This book investigates the reception of astrology in late Republican to early Imperial Rome, with a particular focus on the Augustan–Tiberian period during which the poet Manilius, author of the Astronomica, likely lived. Green examines the degree to which astrology was acceptable in the elite Roman world of the early Empire, where the princeps, whether Augustus or Tiberius, could be both the beneficiary and patron and yet also the enemy and expeller of astrologers in Rome. He seeks to paint a picture of literary artists in Rome, who had to navigate with care a difficult course through the explication of astrology via more or less equivocation about this form of divination.

The book is divided into three parts.

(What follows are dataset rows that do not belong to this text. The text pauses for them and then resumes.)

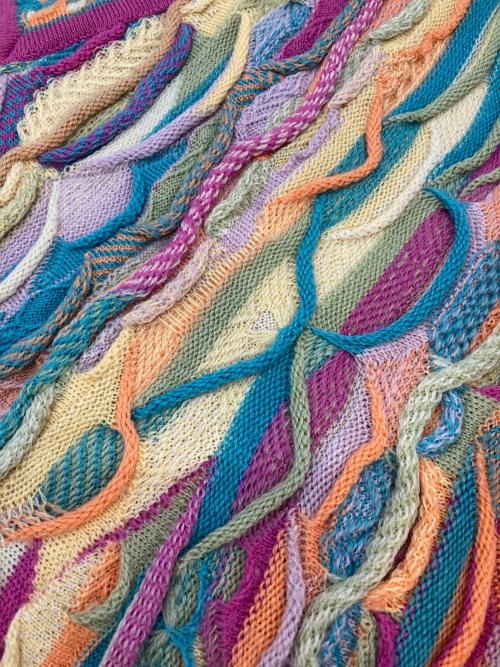 IiMNOS（リムノス）IiMNOS (リムノス) ［古着］3Dニット ピンクベージュ サイズ:Sの古着・服飾アイテム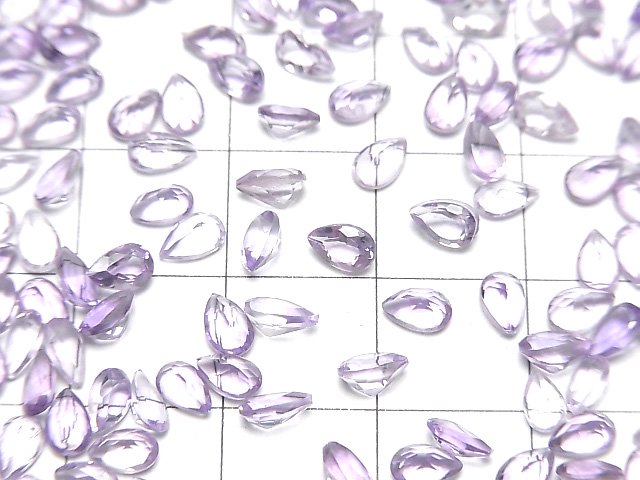 [Video]High Quality Amethyst AAA Loose stone Pear shape Faceted 5x3mm 10pcs
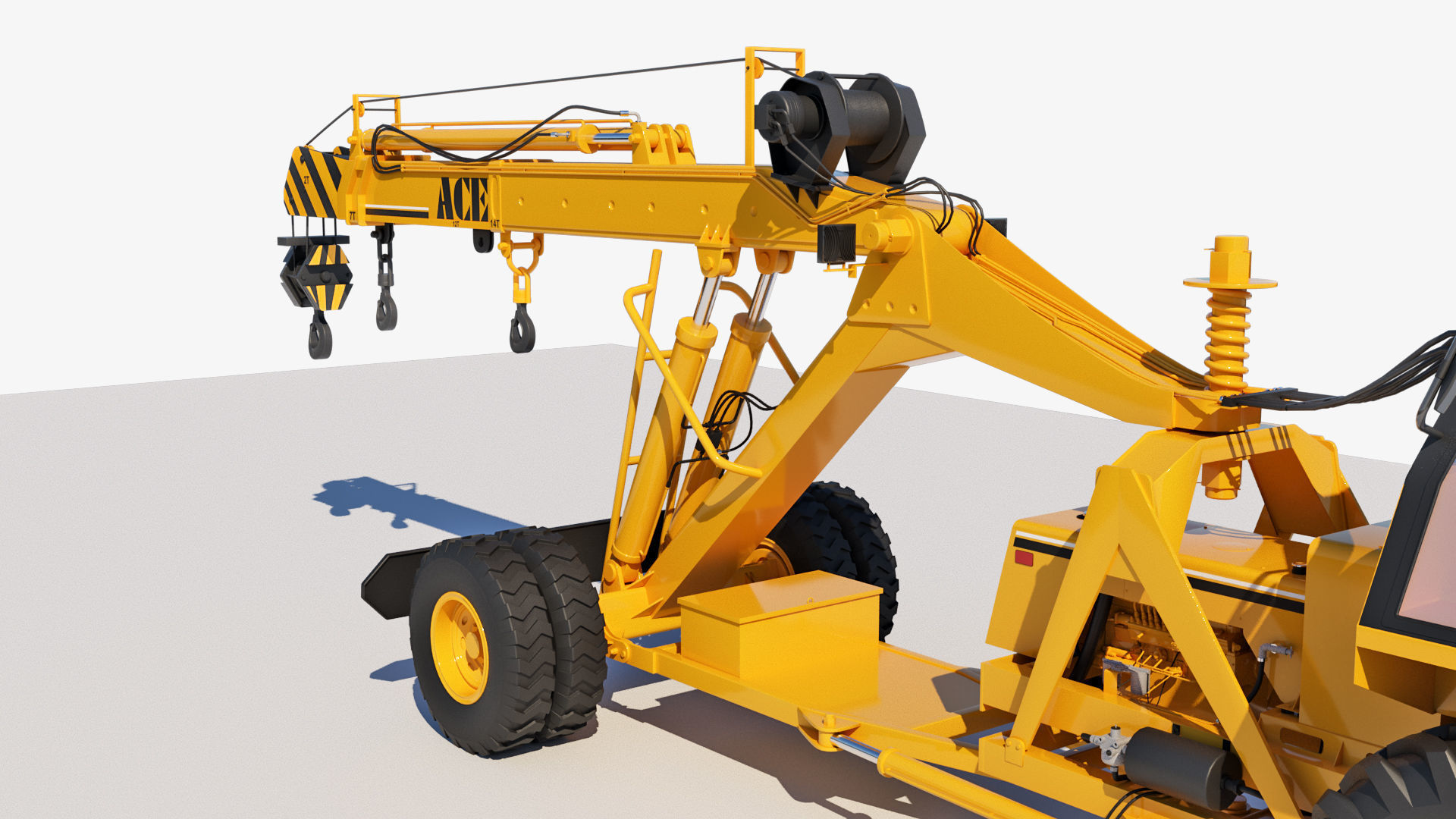 HYDRAULIC MOBILE CRANE -3D Model 3D model 3D model_10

Part 1, “Manilius’ Astronomica,” comprises a single lengthy chapter examining Manilius’ poem. Green presents a culturally nuanced reading, seeking to describe the negotiation of the tension between the poet’s knowledge of the workings of astrology on the one hand, and his need to acknowledge the power and interests of the princeps on the other. The chapter analyses the deteriorating relationship between the poet-instructor and the assumed student (the “reader,” as opposed to the external, contemporary reader [the “Reader”]), as the student grows increasingly frustrated at failing to learn the intricacies of how to cast a horoscope. Some of that frustration (perhaps more for the “Reader” than the “reader”) stems from the lack of full disclosure by the instructor about the techniques of casting a horoscope, notably the absence of anything concrete concerning the planets, which are usually pivotal to horoscopal astrology (unless one accepts a non-planetary form, as has indeed been suggested to explain the lacuna in the poem). Green argues that the lesson that the instructor teaches is intended to fail, because of the nervousness about the practice of astrology in the early Empire, and since it was a technique intimately bound up in the fortunes of the first two emperors. So the Astronomica represents a process of disclosure combined with discretion by poets who sought to engage with a new and fundamentally foreign technique for foretelling the future, in a culture that had its own indigenous means of divination.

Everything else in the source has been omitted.